Friday, January 27, 2012

New Year's Resolutions

Here we are at the end of January, the month of New Year’s resolutions.  Did you make any resolutions about writing for 2012?  Plan to start a new project? Market something you’ve already written? Begin a blog? Update your website?

I use a free daily reminder tool called iDoneThisToday. I may have written about this tool before. I am a big fan.
Every day at 3:30, the site sends me an email asking me what I got done today.  I reply to the email (well, let’s say I reply if I have something to report) and the site records it on a monthly calendar.  In November, I pledged to write something five days a week.  I took December off. This month I resolved to take at least 5000 steps per day (I use a pedometer for this)—writers need to stay healthy to produce their best work, right? At the end of the month, I can look at the calendar to see how much or how little I accomplished toward my resolution.  I think I will pledge to write 1000 words a day in February.  What about you?

Thursday, January 19, 2012

Send personal documents to your Kindle Library

I have completed a first draft of a historical manuscript and have let it sit long enough so that I can look it over with a fresh eye.  I could print it out of course, but I am a big fan of the Kindle as a reading device.  I also have a Kindle app on my iPad and iPhone, so I can read my Kindle collection anywhere, anytime. So how to get my Word manuscript to my Kindle device?

Send to Kindle is a free Windows program from Amazon that lets you send a document from your computer to your Kindle Library.  First, you install Send to Kindle on your computer.  Then when you click on a saved document, you have an option to “send to kindle” so that you can read it on your mobile device.  That is what I did with my story draft, and I was able to read through the ms without having to sit at my desk to read it on the computer screen.

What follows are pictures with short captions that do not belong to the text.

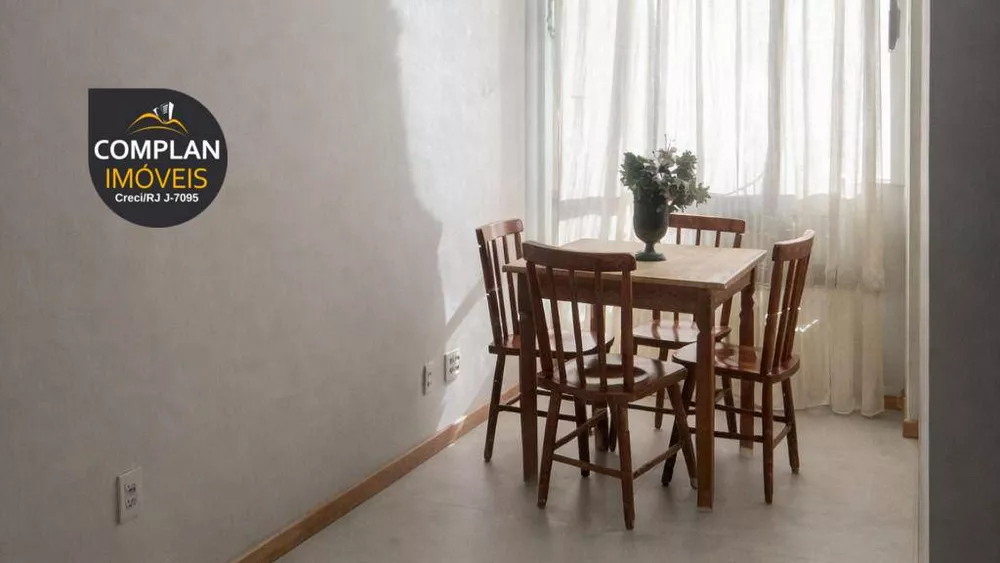Apartamento, 3 quartos, 100 m² - Foto 51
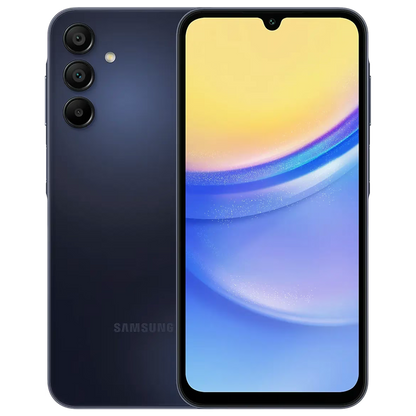 Samsung Galaxy A15 5G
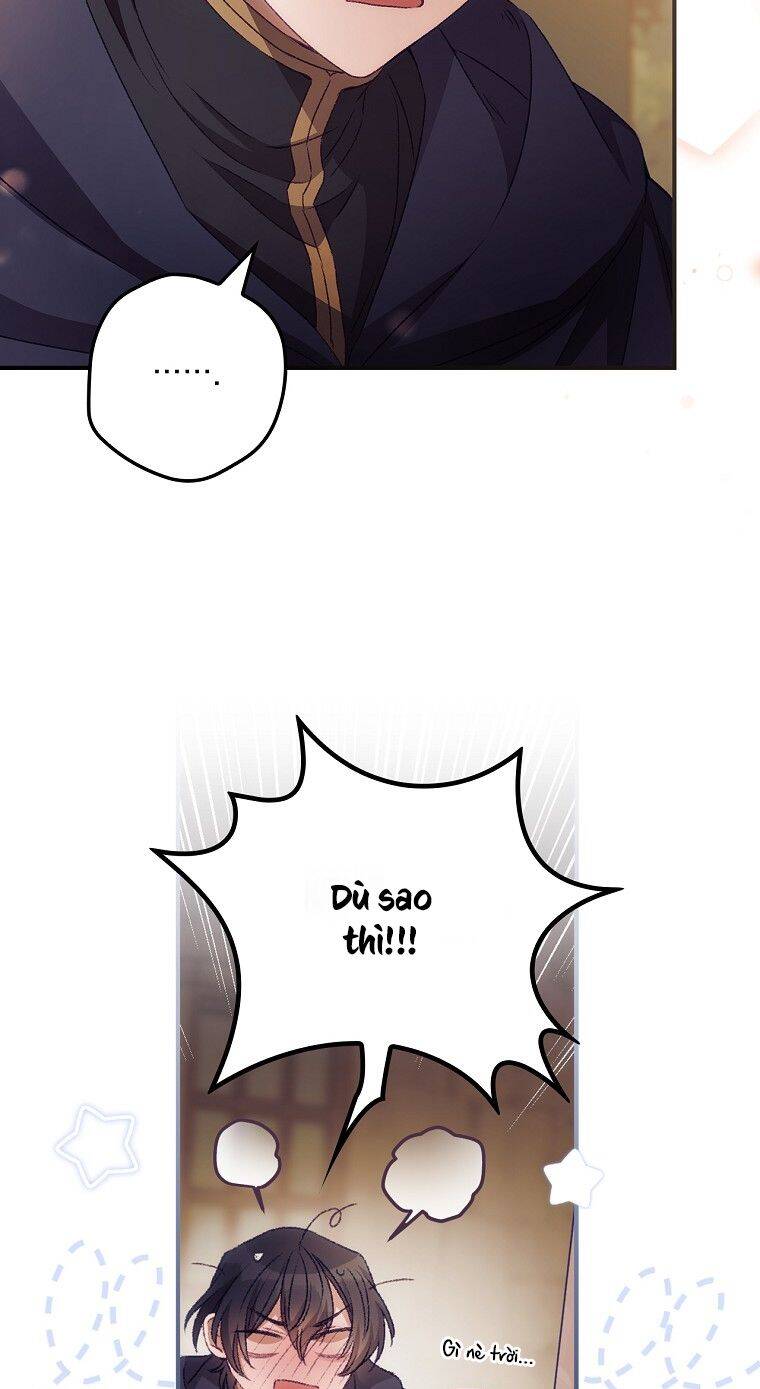 Tôi Nhìn Thấy Cái Chết Của Bạn Chapter 18 - 8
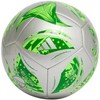 adidas MLS Club JH1307 futbolo kamuolys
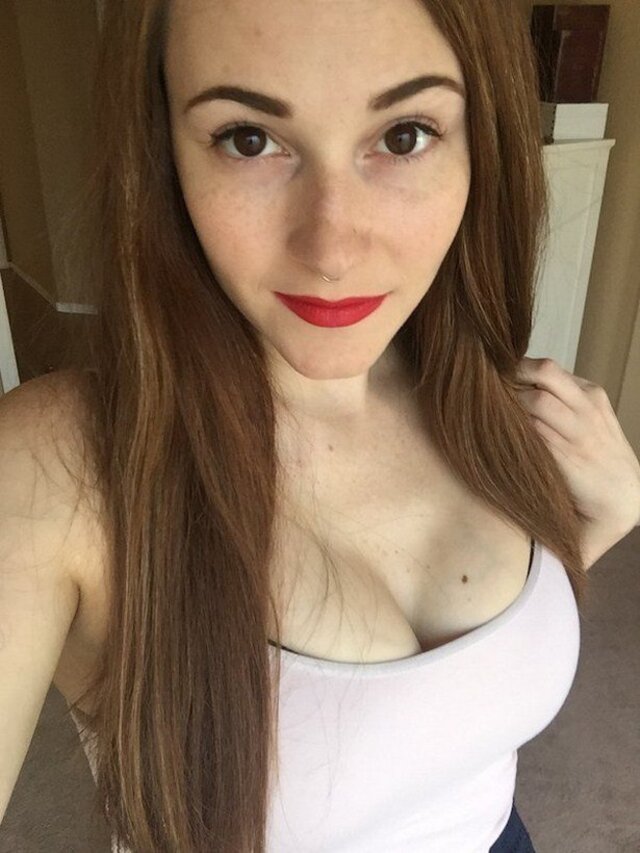 Beauty Girls (21 pics) Beauty Girls (21 pics)
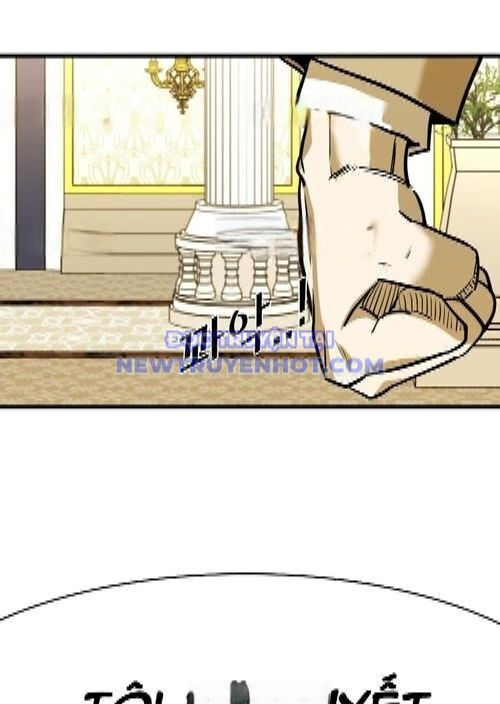 shark - cá mập chapter 348 78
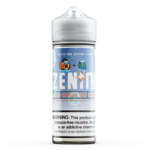 Zenith - Pisces Ice - 120ml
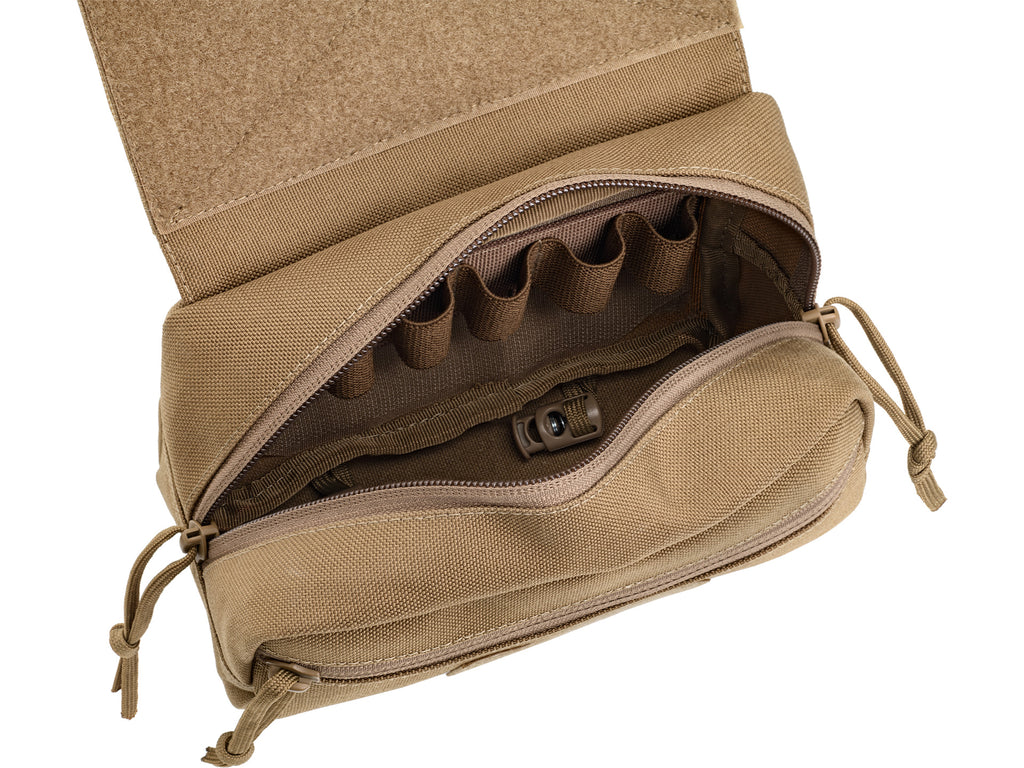 Organizator interior detasabil Drop Down Pouch Defcon 5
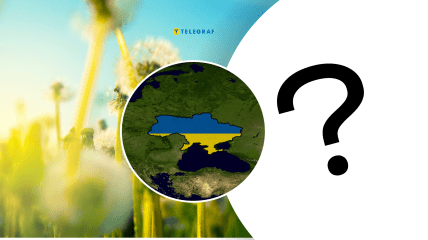 Это существо наиболее активно ночью или после дождя
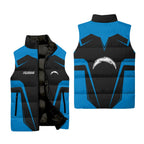 LAC Apparels SC053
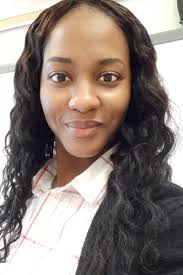 Revital Health Airdrie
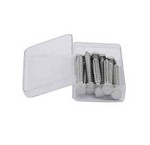 OEM Tools 25926 | Dent Puller Screws 10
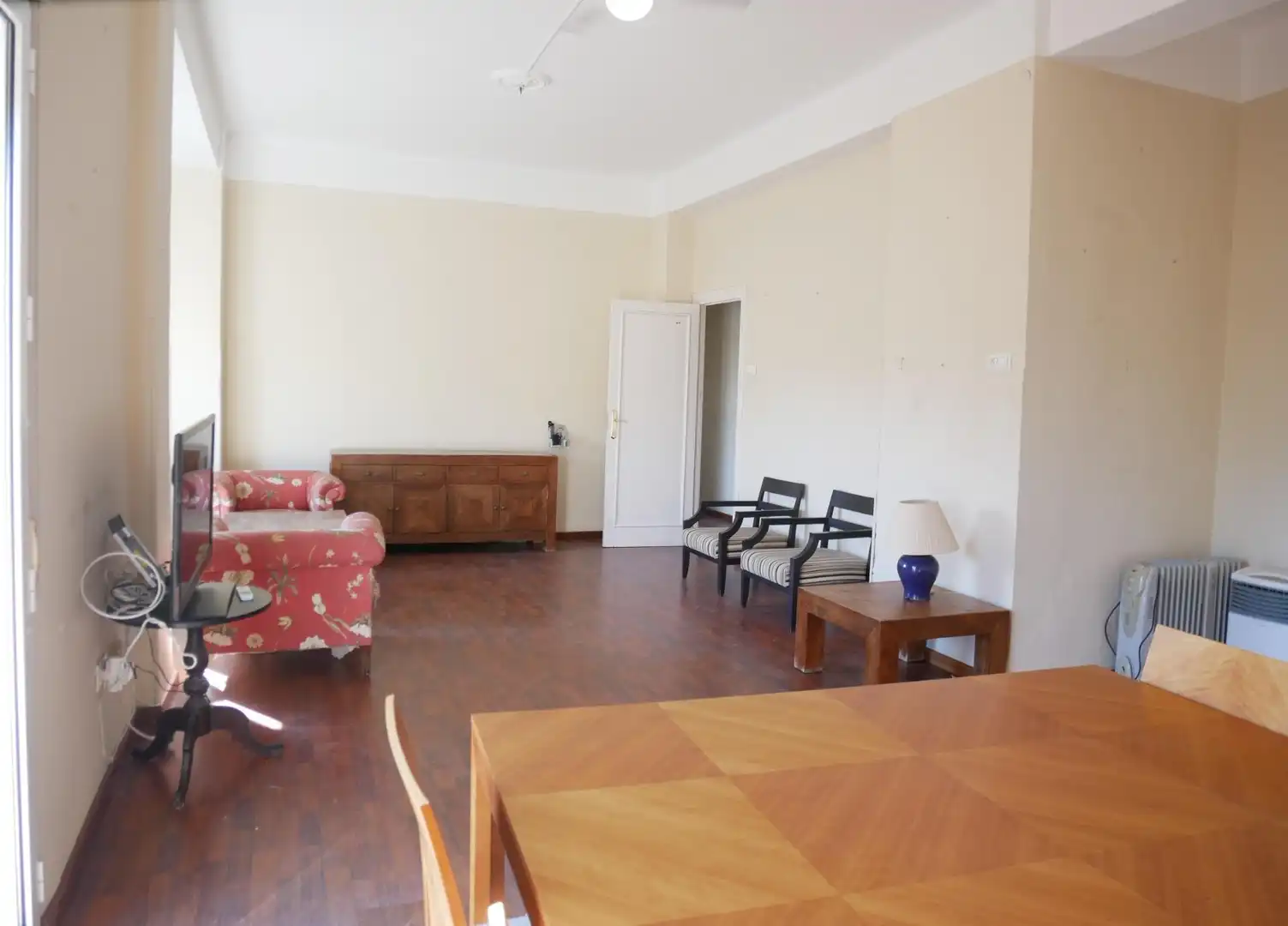 Piso con terraza en venta en Sur, imagen 19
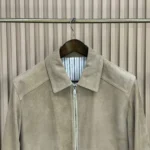 Куртка BRUNELLO CUCINELLI — изображение 4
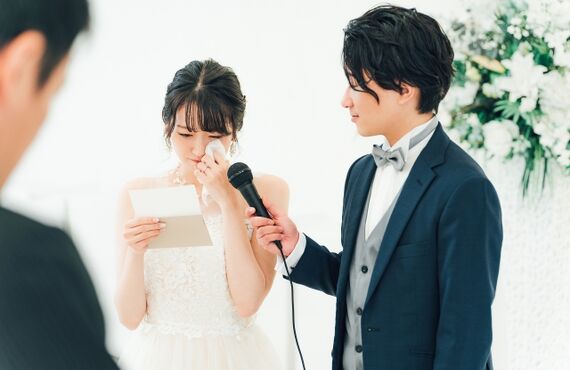 婚活の第一歩を安心して踏み出そう｜プロがサポートする愛知の結婚相談所・オアシスパートナーズ 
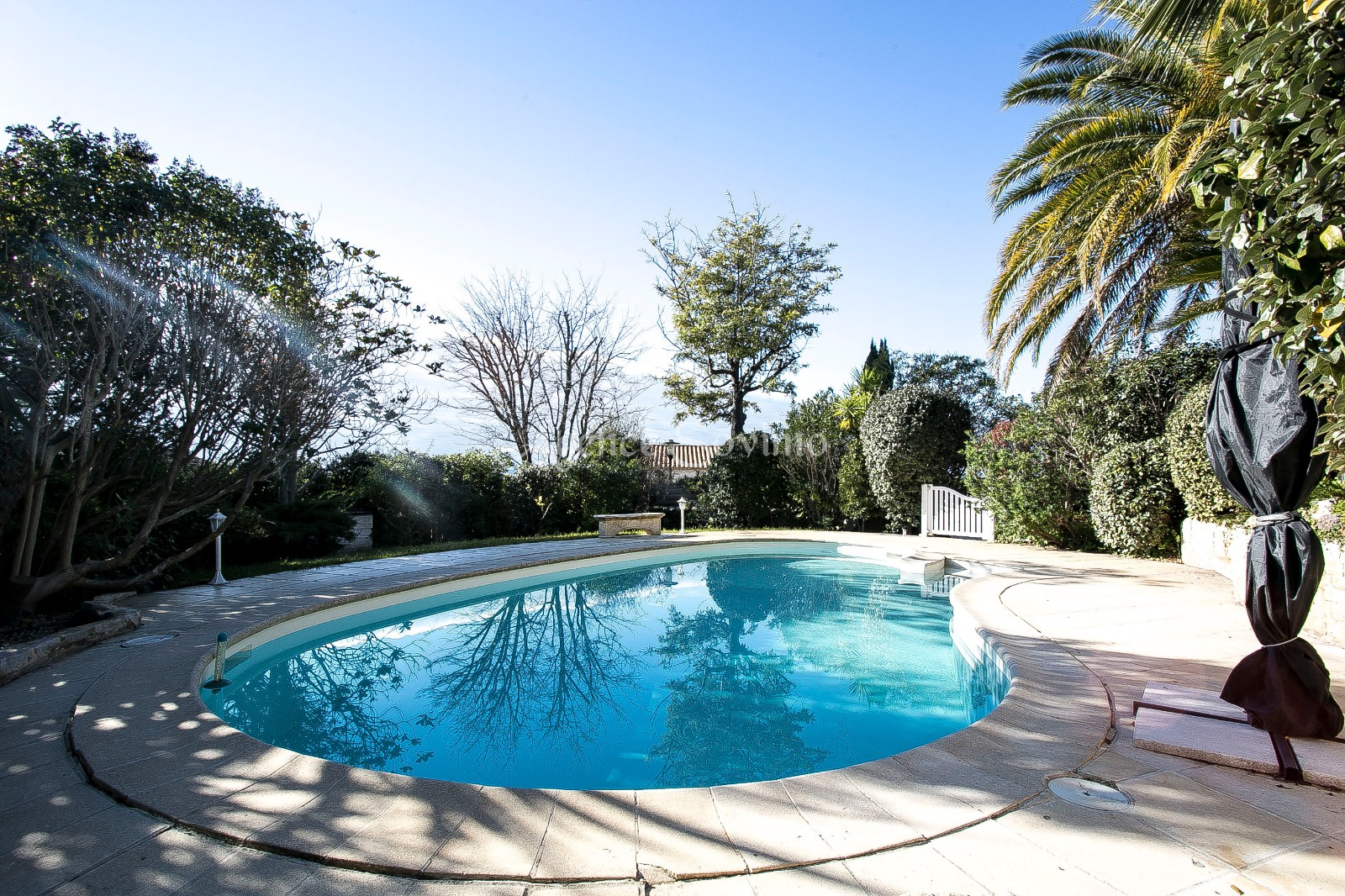 Image_1, Maison, Saint-Raphaël, ref :3776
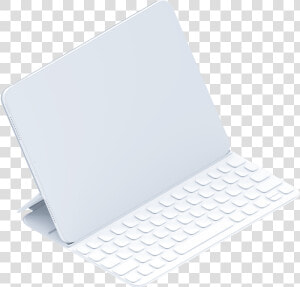 Netbook  HD Png Download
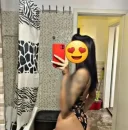 La tine sau la hotel fac si party - imagine 3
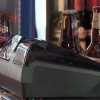 Można go kupić wszędzie i o każdej porze – w osiedlowych sklepikach, marketach, na stacjach benzynowych. Alkohol, bo o nim mowa, już niedługo może nie być tak łatwo dostępny.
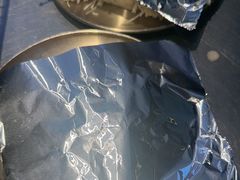 -合易泓烤肉•首创生椰大油边(宁山路店)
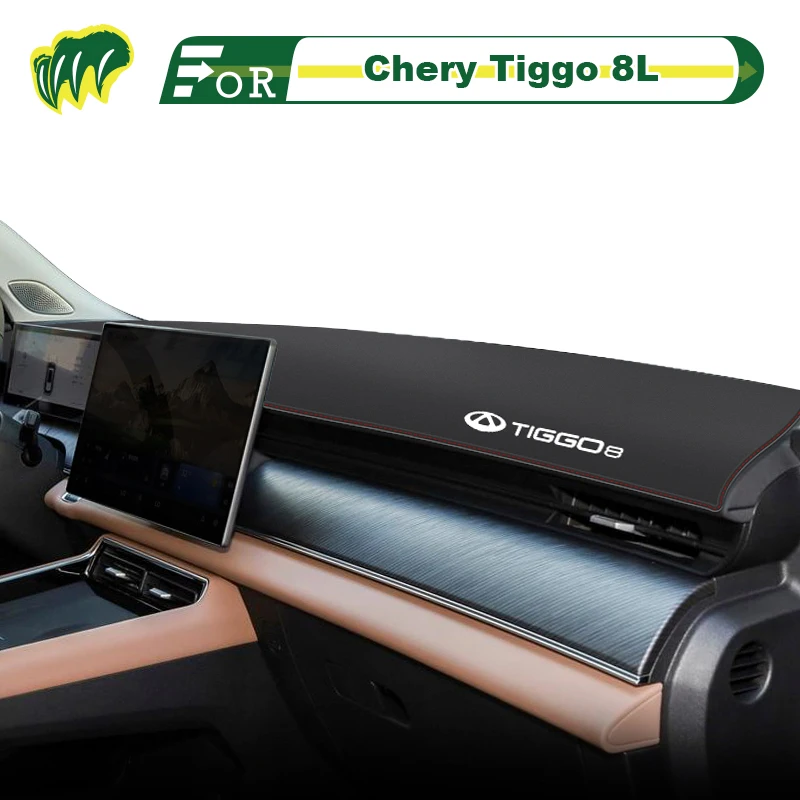 tapis-de-tableau-de-bord-de-voiture-pour-conduite-a-gauche-chery-tiggo-8l-couverture-de-tableau-de-bord-pour-console-centrale-tapis-de-blocage-de-la-lumiere-solaire-protection-de-pare-soleil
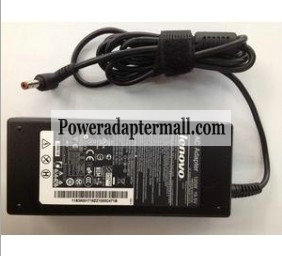 120W Lenovo PA-1121-04 PA-1121-04LX PA-1121-16 AC Adapter Power - Click Image to Close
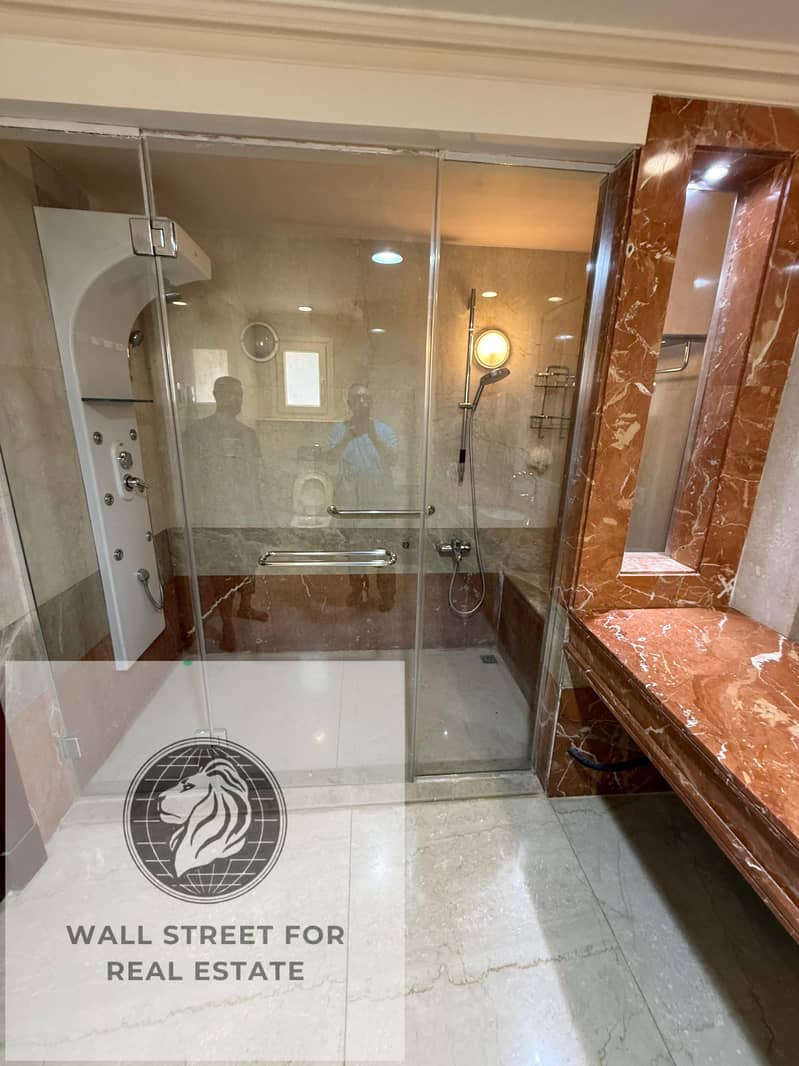 8 WhatsApp Image 2026-01-19 at 7.28. 44 PM. jpeg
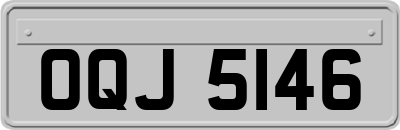 OQJ5146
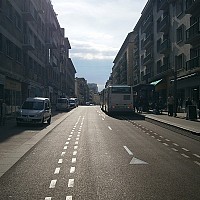 mickael76000 - gay de 50 ans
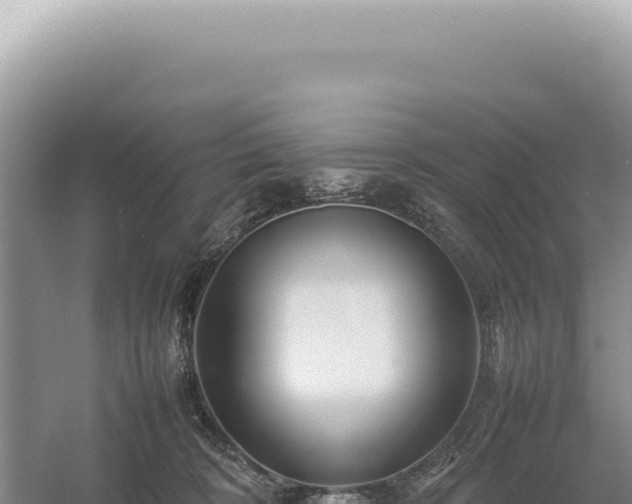 X0000054410324200508051746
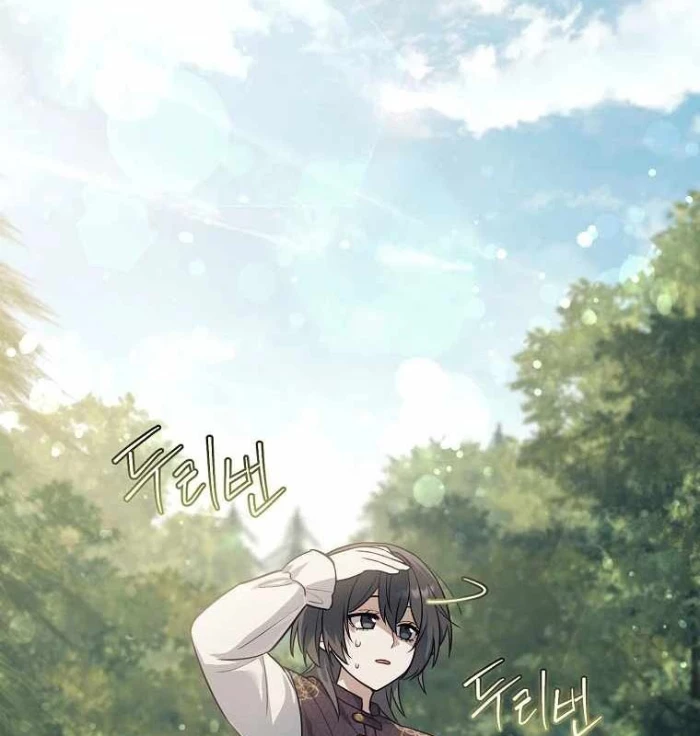 Ma Pháp Quân Chủ Chapter 4 - 4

Thursday, January 12, 2012

Beware Anachronisms

A writer friend of mine recently told me that one of her readers called to tell her she had mistakenly used a word in her historical novel that was not in usage in the particular place and time about which she wrote.  Of course, she was embarrassed.  We all would be.  Her anecdote put me in mind of a warning I included in my book, Writing Historical Fiction: Digital Age Advice.  It appears in chapter 3:


 Be wary of anachronisms.  Anachronisms place people, events and things in the wrong time. Would your character have a wrist watch in 1800?  Was Maine a state in 1820? How many prisoners did General Robert E. Lee take during the incident at Harper’s Ferry, West Virginia in 1859? (None. Lee was not yet a General in 1859; he was a Col.  Also, Harper’s Ferry was in Virginia in 1859.  West Virginia broke off and became a state in 1863, taking Harper’s Ferry with it. See how easy it is to make mistakes when doing historical research?)